Heat pooled under my skin. The image of Bree shrinking, unwilling to look up, tightened something in my chest so fast it almost hurt. My hands curled into fists by habit.
“So we teach him a lesson,” I said, voice low and dangerous, picturing Oliver Camden hitting the floor with that smug look wiped off his face. The thought lit a giddy, savage thrill through
- me.
“Wait.” Caleb grabbed my arm before I could explode forward. His grip was firm, authoritative -Caleb knew how to hold a moment still. “Think about it, Cap.”

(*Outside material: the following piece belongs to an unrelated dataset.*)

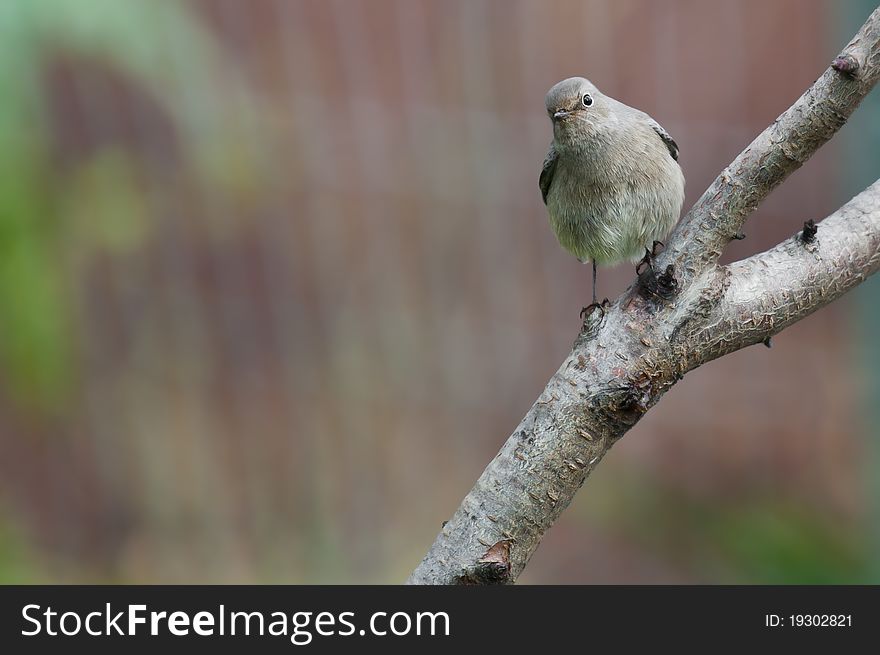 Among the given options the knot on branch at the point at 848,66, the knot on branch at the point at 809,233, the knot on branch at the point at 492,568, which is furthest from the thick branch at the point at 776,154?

I slowed, one foot already moving, letting him reel me back. He kept talking, and the words made the skin on my neck prickle. “She told us she asked out the most popular guy at her school. She said he was on and off with his girlfriend. She told us he leaked those photos- did everything he could to humiliate her.”
My jaw clenched so hard it echoed in my ears. “Get to the point,” I rasped, trying to keep the tremor out of my voice.
Caleb met my stare, steady as steel. “Could he be the guy?” he asked–and before I could let that land, before I could make it mean what I wanted it to mean, my phone started ringing.
It cut through the locker room noise like a bell. Every head seemed to turn toward me for a fraction of a second. The line went quiet around us, and the question hung there, heavy and dangerous: was this the thread that would pull everything apart, or the one that would finally tie it back together?